_EXERCISE PROMPT_
Look for the word "going" in the data below, and copy every line that holds it.

(SOURCE RECORDS Opens)

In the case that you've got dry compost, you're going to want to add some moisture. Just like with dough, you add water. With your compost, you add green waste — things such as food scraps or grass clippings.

(SOURCE RECORDS Closes)
(SOURCE RECORDS Opens)

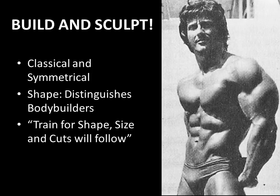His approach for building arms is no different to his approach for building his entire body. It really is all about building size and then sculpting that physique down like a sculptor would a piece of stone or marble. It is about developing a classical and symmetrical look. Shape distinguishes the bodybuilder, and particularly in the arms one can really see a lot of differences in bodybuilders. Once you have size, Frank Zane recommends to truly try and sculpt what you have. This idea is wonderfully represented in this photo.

(SOURCE RECORDS Closes)
(SOURCE RECORDS Opens)

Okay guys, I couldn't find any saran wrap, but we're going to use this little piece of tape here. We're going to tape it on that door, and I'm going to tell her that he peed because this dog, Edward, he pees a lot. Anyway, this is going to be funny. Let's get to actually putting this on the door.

(SOURCE RECORDS Closes)

_ANSWER AREA_
In the case that you've got dry compost, you're going to want to add some moisture. Just like with dough, you add water. With your compost, you add green waste — things such as food scraps or grass clippings.
Okay guys, I couldn't find any saran wrap, but we're going to use this little piece of tape here. We're going to tape it on that door, and I'm going to tell her that he peed because this dog, Edward, he pees a lot. Anyway, this is going to be funny. Let's get to actually putting this on the door.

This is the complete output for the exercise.